For extracting the fundamental frequency of the melody from polyphonic music you could try the MELODIA plug-in:
Extracting the F0's of all the instruments in a song (multi-F0 tracking) or transcribing them into notes is an even harder task. Both melody extraction and music transcription are still open research problems, so regardless of the algorithm/tool you use don't expect to obtain perfect results for either.
If you're trying to detect the notes of a polyphonic recording (multiple notes at the same time) good luck. That's a very tricky problem. I don't know of any way to listen to, say, a recording of a string quartet and have an algorithm separate the four voices. (Wavelets maybe?) If it's just one note at a time, there are several pitch tracking algorithms out there, many of them mentioned in other comments.
The algorithm you want to use will depend on the type of music you are listening to. If you want it to pick up people singing there are a lot of good algorithms out there designed specifically for voice. (That's where most of the research is.) If you are trying to pick up specific instruments you'll have to be a bit more creative. Voice algorithms can be simple because the range of the human singing voice is generally limited to about 100-2000 Hz. (Speaking range is much more narrow). The fundamental frequencies on a piano, however, go from about 27 Hz. to 4200 Hz., so you're dealing with a wider range usually ignored by voice pitch detection algorithms.
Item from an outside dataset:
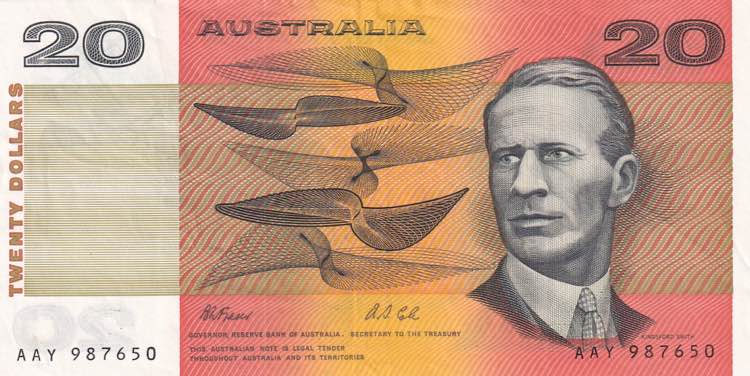 Australia, 20 Dollars, 1991, XF, ...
The waveform of most instruments is going to be fairly complex, with lots of harmonics, so a simple approach like counting zeros or just taking the autocorrelation won't work. If you knew roughly what frequency range you were looking in you could low-pass filter and then zero count. I'd think you'd be better off though with a more complex algorithm such as the Harmonic Product Spectrum mentioned by another user, or YAAPT ("Yet Another Algorithm for Pitch Tracking"), or something similar.
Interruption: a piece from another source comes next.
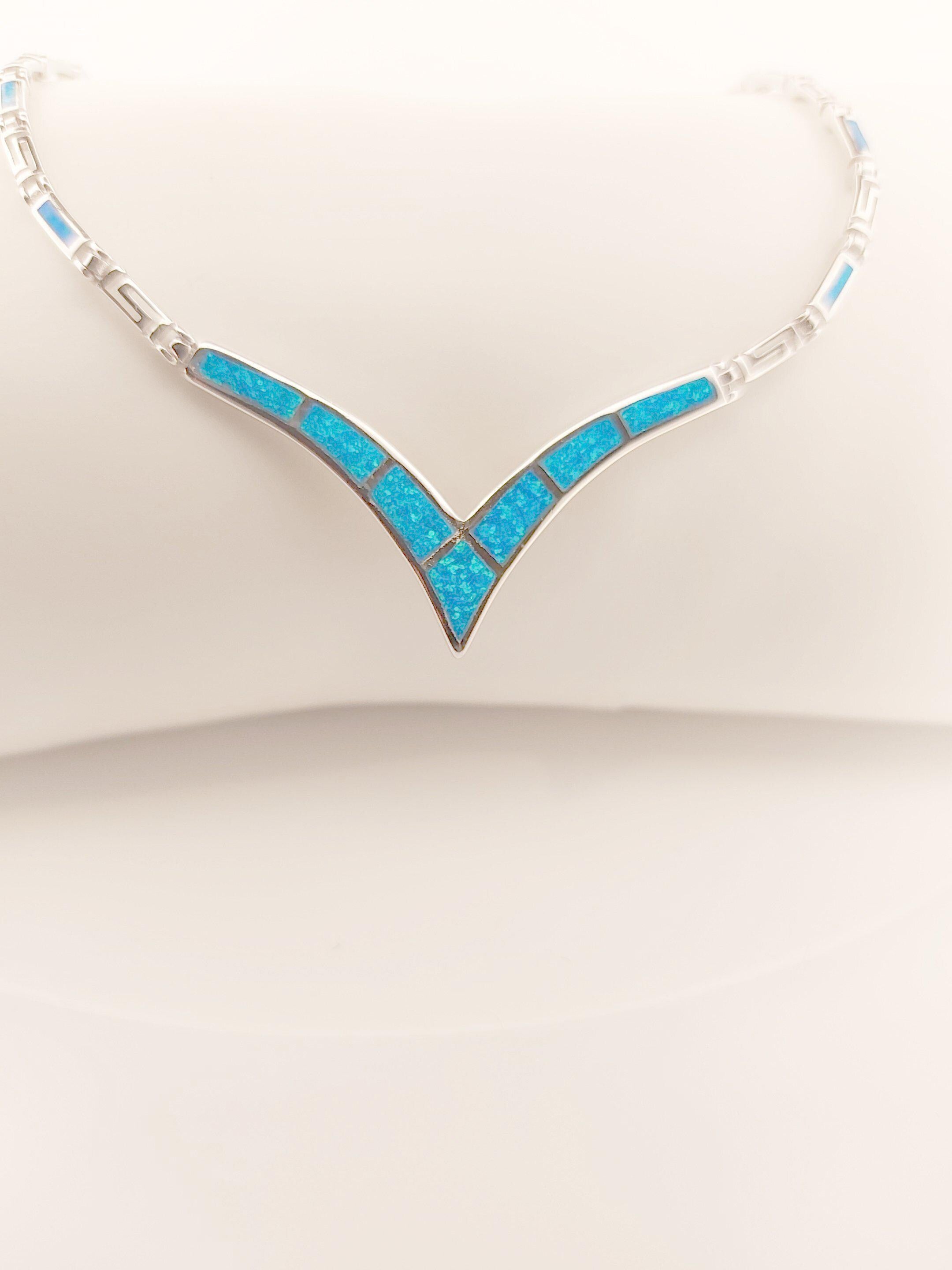 Sterling Silver 925 Blue Opal Necklace with Greek Key Meander Design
One last problem: some instruments, the piano in particular, will have the problem of missing fundamentals and inharmonicity. Missing fundamentals can be dealt with by the pitch tracking fact they have to be since fundamentals are often cut out in electronic transmission...though you'll probably still get some octave errors. Inharmonicity however, will give you problems if somebody plays a note in the bottom octaves of the piano. Normal pitch tracking algorithms aren't designed to deal with inharmonicity because the human voice is not significantly inharmonic.
You basically need a spectrum analyzer. You might be able to to a FFT on a recording of an analog input, but much depends on the resolution of the recording.
what immediately comes to my mind:
filter out very low frequencies (drums, bass-line),
filter out high frequencies (harmonics)
look for peaks in the FFT output for the melody
I am not sure, if that works for very polyphonic sounds - maybe googling for "FFT, analysis, melody etc." will return more info on possible problems.